Related to Analyzing an RC Circuit with a Sudden Switch Closure

1. What is an RC circuit?

An RC circuit is a type of electrical circuit that consists of a resistor (R) and a capacitor (C) connected in series or parallel. It is commonly used in electronic devices for filtering, timing, and signal processing.

2. What is the time constant of an RC circuit?

The time constant of an RC circuit is a measure of how quickly the capacitor charges or discharges. It is calculated by multiplying the resistance (R) and the capacitance (C) of the circuit, and is represented by the symbol "τ" (tau).

3. How do you calculate the time required for a capacitor to fully charge in an RC circuit?

To calculate the time required for a capacitor to fully charge in an RC circuit, use the formula t = 5τ, where t is the time and τ is the time constant. This means that after 5 time constants, the capacitor will be approximately 99.3% charged.

4. What happens to the charging time if the resistance in an RC circuit is increased?

If the resistance in an RC circuit is increased, the charging time of the capacitor will also increase.

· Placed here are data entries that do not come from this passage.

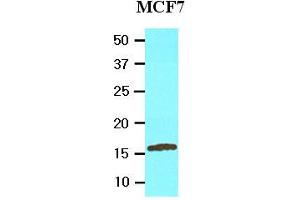 Western Blotting (WB) image for anti-Ubiquitin-Conjugating Enzyme E2L 6 (UBE2L6) (AA 1-152), (N-Term) antibody (ABIN317575) (UBE2L6 Antikörper  (N-Term))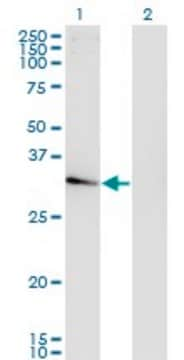 Monoclonal Anti-NACAL, (C-terminal) antibody produced in mouse clone 4H6, purified immunoglobulin, buffered aqueous solution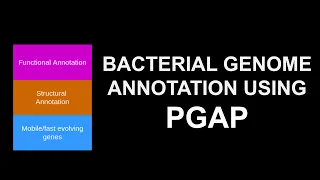 Bioinformatics for beginners | Course | Genome Assembly and annotation using PGAP | Tutorial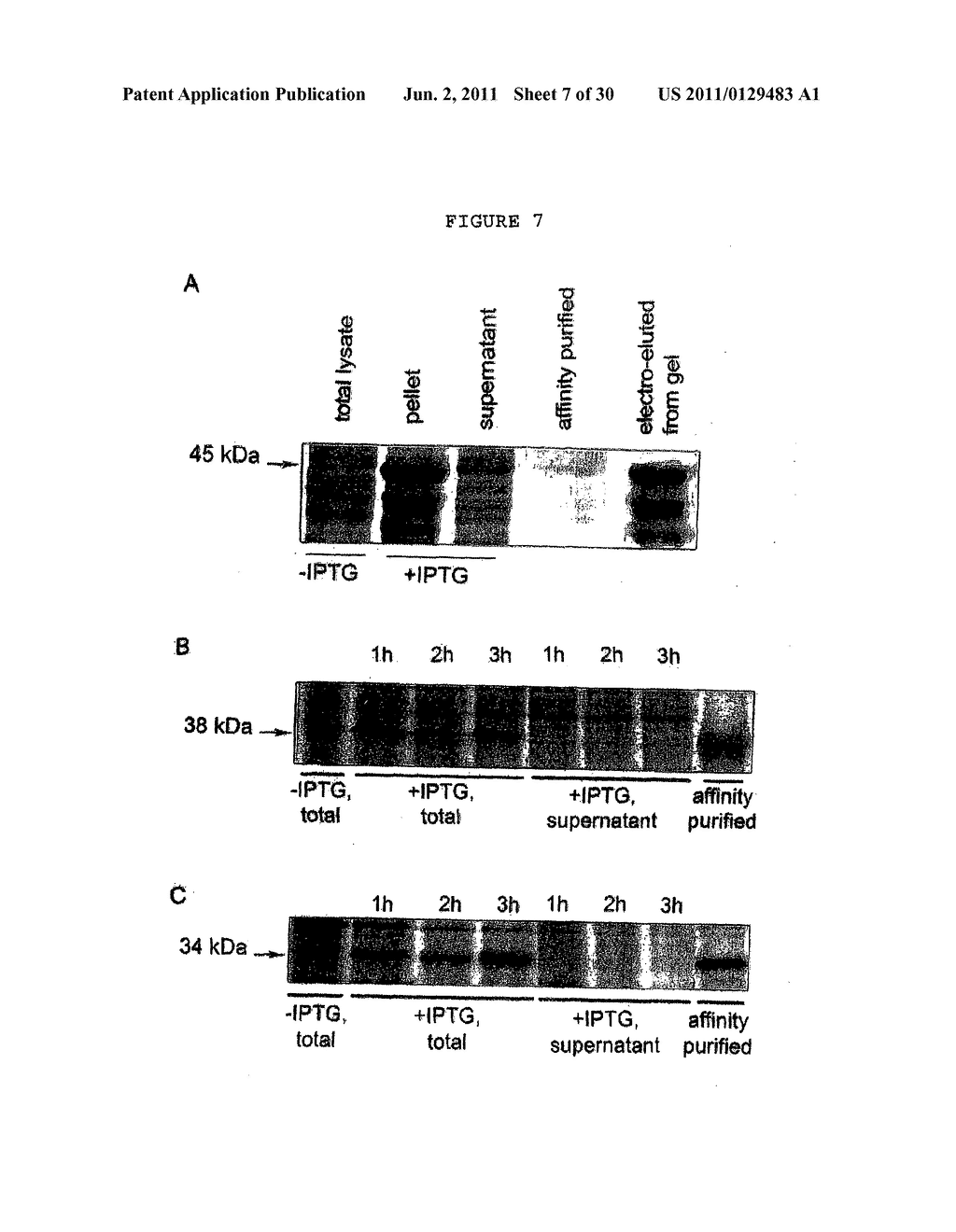 Membrane transporter NaPi2b (SCL34A1) epitope for antibody therapy,     antibodies directed thereto, and target for cancer therapy - diagram, schematic, and image 08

This is because a higher resistance will result in a slower flow of current, thus taking more time for the capacitor to charge to its full capacity.

5. How does a DC voltage source affect the time constant of an RC circuit?

A DC voltage source does not affect the time constant of an RC circuit. The time constant is determined solely by the values of the resistance and capacitance in the circuit, and is independent of any external voltage source.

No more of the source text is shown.